Electric Cars vs. Gas Cars: Is the Conventional Wisdom Wrong?

What rings true intuitively isn’t always backed up by the numbers.


Joe Biden, the current front-runner of the Democratic 2020 field, promises the return of electric vehicle (EV) tax credits. The presidential candidate says that “a key barrier to further deployment of these greenhouse-gas reducing vehicles is the lack of charging stations and coordination across all levels of government.” Biden wants 500,000 new charging stations by the end of 2030, thereby incentivizing the use of electric cars beyond the advantages given when buying them.

As it stands—and depending on the state in which the car is bought and withholding the individual tax situation of the buyer—some people can save up to $10,000 on a new Tesla thanks to this tax incentive.

This policy introduced under the Obama administration had the intention of promoting electric vehicles in order to reduce carbon emissions, but what happened in the countries that eliminated the tax credits tells a different story.

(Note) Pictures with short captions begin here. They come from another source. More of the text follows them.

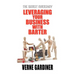 Leveraging Your Business With Barter: The Secret Currency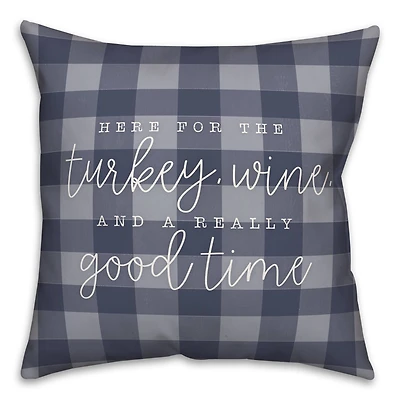 Turkey Wine & A Good Time Pillow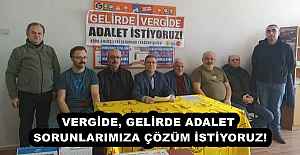 VERGİDE, GELİRDE ADALET, SORUNLARIMIZA ÇÖZÜM İSTİYORUZ!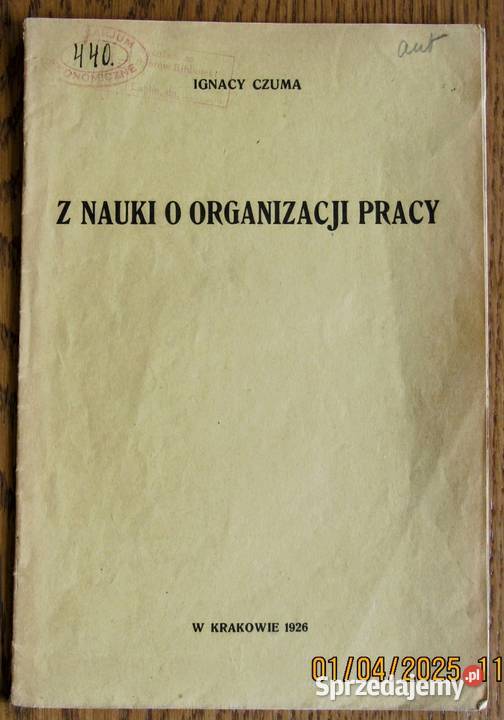 Z NAUKI O ORGANIZACJI PRACY 1926 lubelskie Bychawka Trzecia sprzedam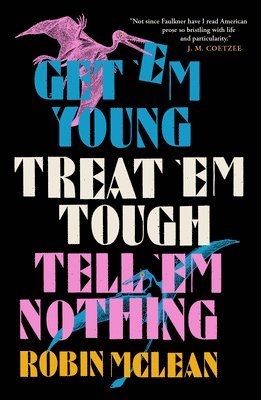 bokomslag Get 'em Young, Treat 'em Tough, Tell 'em Nothing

When Denmark got rid of its tax credits for electric vehicles, Tesla’s sales dropped by 94 percent. In Hong Kong, the company saw a decline of 95 percent as the city got rid of comparable tax advantages for those buying electric cars.

According to Biden, that is because the right user incentives aren’t there, notably charging stations. However, the countries involved have considerably more charging stations than the US: Denmark has 443 charging stations in its capital Copenhagen, as well as over 500 more across the rest of the country. As for Hong Kong, the South China Morning Post reports:

The move [Tesla opening a super-charging car park in Hong Kong] followed the opening of Tesla’s first supercharger station – which can fully charge a Tesla in just 75 minutes […]. Currently there are 92 Tesla superchargers at 21 supercharger stations, with more than 400 public and shared charging points.

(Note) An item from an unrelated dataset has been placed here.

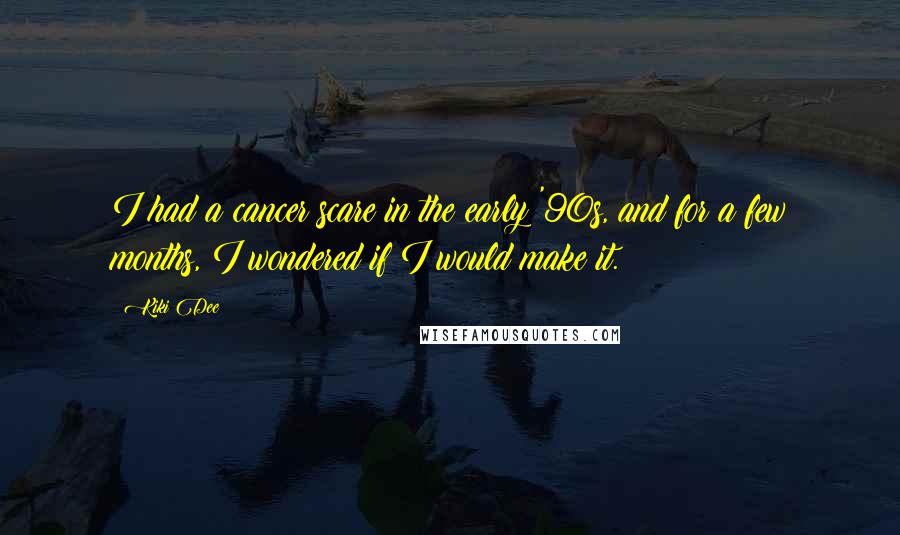 Kiki Dee Quotes: I had a cancer scare in the early '90s, and for a few months, I wondered if I would make it.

Clearly, the question of EV is not one of convenience but of price.

Norway has the largest fleet of electric vehicles in the world, making up 60 percent of all new sales this year. Reporting on the story, NPR writes that “10,732 [sold cars] were rated with zero emissions.”

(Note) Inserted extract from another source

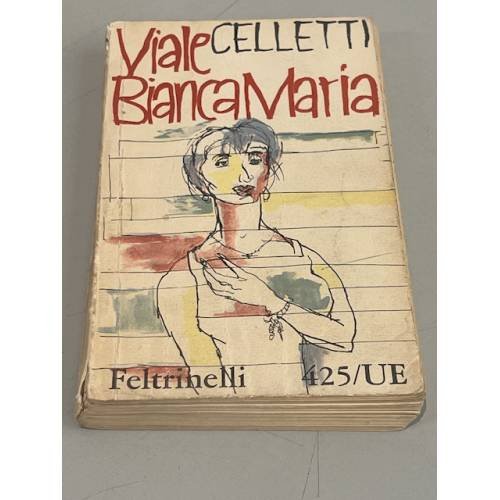 Обложка книги «Viale Bianca Maria» — Rodolfo Celletti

The Institute of Transport Economics at the Norwegian Center for Transport Research lays out the ambition of carbon dioxide reduction through electric mobility.

For these vehicles a massive transition to electric engines can result in an up to a 97 per cent reduction in CO2 emissions and up to 76 per cent reduction in energy use per transport unit.

Adding to that, over 95 percent of Norway’s electricity comes from hydropower, of which 90 percent is publicly owned. That does not come without its downsides. As electricity consumption increases in Norway, the sector is unable to keep up. Last year, lack of rainfall and low wind speed exploded Norwegian electricity prices to the level of Germany (which is still in the process of phasing out nuclear energy). Norway then resorted to coal power, and as fossil fuel power imports exceeded energy export, Norway has actually seen an increase in CO2 emissions.

This is despite the fact that Norway’s climate and geography make it ideal for the production of renewables, which is not the case for every state in the US. However, electricity production is only half the story of EV.

Electric vehicle batteries need a multitude of resources to be manufactured. In the case of cobalt, the World Economic Forum has called out the extraction conditions in the Democratic Republic of the Congo, where more than half of the world’s cobalt comes from. Miners as young as seven years are suffering from chronic lung disease from exposure to cobalt dust. Not only does battery manufacturing account for 60 percent of the world’s cobalt use, but there are also no good solutions to replace it, which is something Elon Musk is struggling with.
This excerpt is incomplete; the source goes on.